Turner, F.J. (ED.) (2017). Social work treatment: Interlocking theoretical approaches (6th Ed.) New York, NY: Oxford University Press.

A crisis is “an acute emotional upset arising from situational, developmental, or socio- cultural sources and resulting in a temporary inability to cope by means of one’s usual problem-solving devices” (Hoff, Hallisey, & Hoff, 2009, p. 4). Parad and Parad (1990) expand upon this definition by describing a crisis as “an upset in a steady state, a turning point leading to better or worse, a disruption or breakdown in a person’s or family’s normal or usual pattern of functioning” (pp. 3–4).
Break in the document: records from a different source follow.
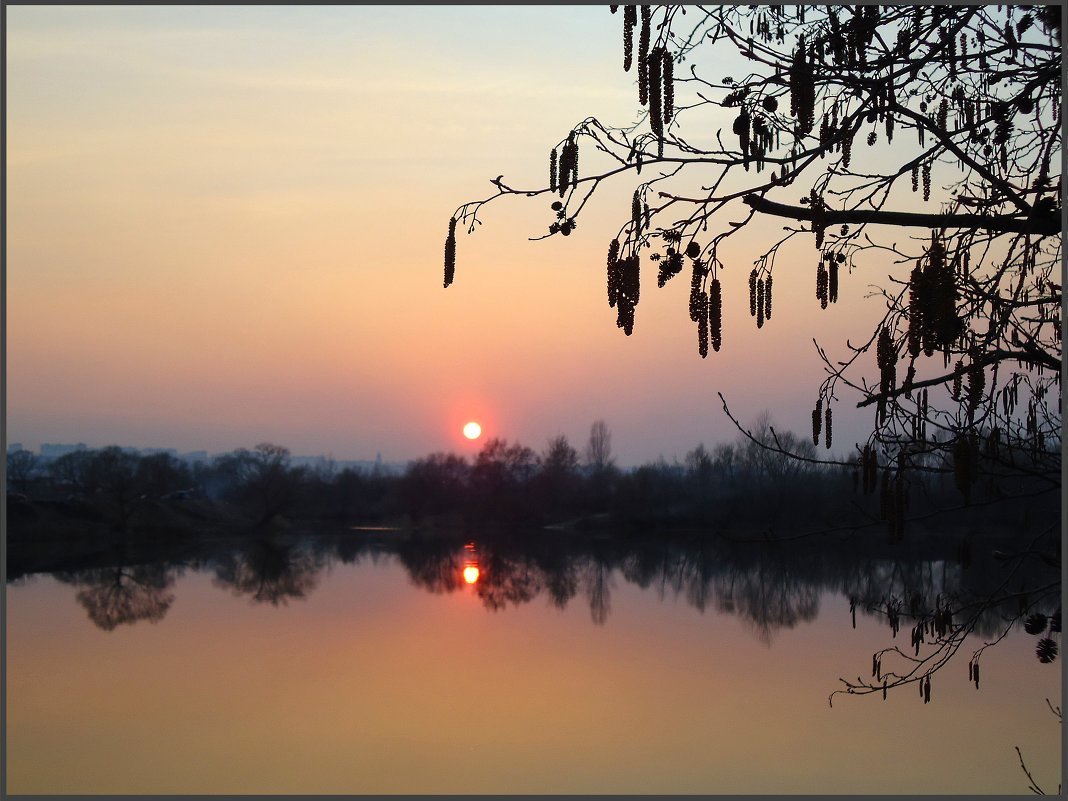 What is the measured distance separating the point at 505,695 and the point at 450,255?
370 inches

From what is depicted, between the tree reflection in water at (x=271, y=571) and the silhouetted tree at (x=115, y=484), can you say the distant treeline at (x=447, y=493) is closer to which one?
the silhouetted tree at (x=115, y=484)

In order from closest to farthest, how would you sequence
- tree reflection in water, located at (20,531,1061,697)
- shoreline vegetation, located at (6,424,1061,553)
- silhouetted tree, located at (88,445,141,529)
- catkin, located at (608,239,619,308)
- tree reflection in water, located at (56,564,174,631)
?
catkin, located at (608,239,619,308) → tree reflection in water, located at (20,531,1061,697) → tree reflection in water, located at (56,564,174,631) → shoreline vegetation, located at (6,424,1061,553) → silhouetted tree, located at (88,445,141,529)

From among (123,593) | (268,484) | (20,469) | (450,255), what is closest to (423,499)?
(268,484)

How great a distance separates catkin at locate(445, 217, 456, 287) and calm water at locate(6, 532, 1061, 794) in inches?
87.3

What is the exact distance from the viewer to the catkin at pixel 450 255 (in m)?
2.38

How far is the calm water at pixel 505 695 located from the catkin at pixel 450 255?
7.27 feet

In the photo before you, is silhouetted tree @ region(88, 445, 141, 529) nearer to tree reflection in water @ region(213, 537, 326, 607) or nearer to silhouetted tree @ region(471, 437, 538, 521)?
tree reflection in water @ region(213, 537, 326, 607)

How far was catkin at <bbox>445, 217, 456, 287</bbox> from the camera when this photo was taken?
238 cm

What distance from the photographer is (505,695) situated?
36.8 feet

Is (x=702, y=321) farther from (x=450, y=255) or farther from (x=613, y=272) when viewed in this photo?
(x=450, y=255)

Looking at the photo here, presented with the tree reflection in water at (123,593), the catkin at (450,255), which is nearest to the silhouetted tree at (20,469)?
the tree reflection in water at (123,593)

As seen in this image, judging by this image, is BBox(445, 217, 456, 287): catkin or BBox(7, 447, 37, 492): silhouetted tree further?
BBox(7, 447, 37, 492): silhouetted tree

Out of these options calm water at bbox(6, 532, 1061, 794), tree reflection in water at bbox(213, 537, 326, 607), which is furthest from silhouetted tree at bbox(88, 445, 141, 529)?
calm water at bbox(6, 532, 1061, 794)

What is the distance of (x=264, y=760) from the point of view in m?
9.20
As these definitions convey, crises take many forms, including the sudden death of a family member; a school shooting; poverty; a devastating hurricane or earthquake; homelessness; diagnosis of a chronic or life-threatening illness; job loss; sexual assault; family, domestic, and intimate partner violence; psychosis; divorce; retirement; physical and sexual abuse; rape or
sexual assault; a family’s immigration from a war-torn country; suicidality; and homocidality. While some social work practice settings specifically provide crisis intervention services such as hospital emergency rooms or mobile crisis programs, most social workers encounter crises, at various times, in all practice settings, with all client populations.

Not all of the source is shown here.